Brief descriptive captions:
---*---

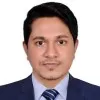 Mohammad Amran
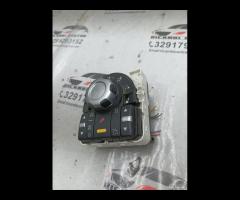 JOYSTICK INTERRUTTORE SOSPENSIONE LAND ROVER SPORT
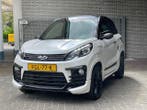 Ligier JS60 Sport Ultimate SUN airco multimedia sterrenhemel, Diversen, Gebruikt, Ligier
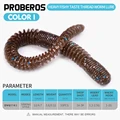DW6114I -20pcs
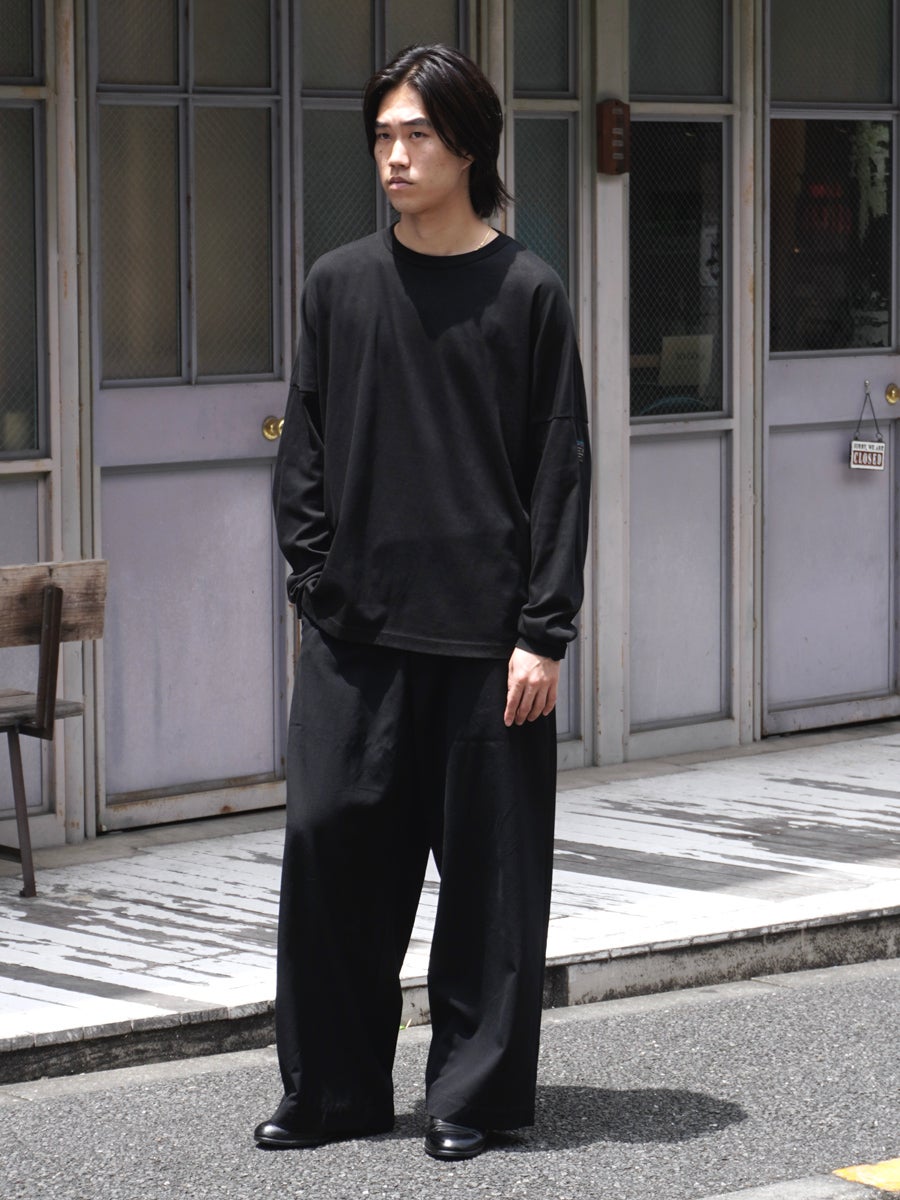 L/183cm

---*---

Try it >>
Please transcribe each line above exactly, but leave the images out.

Answer below >>
 Mohammad Amran
 JOYSTICK INTERRUTTORE SOSPENSIONE LAND ROVER SPORT
 Ligier JS60 Sport Ultimate SUN airco multimedia sterrenhemel, Diversen, Gebruikt, Ligier
DW6114I -20pcs
 L/183cm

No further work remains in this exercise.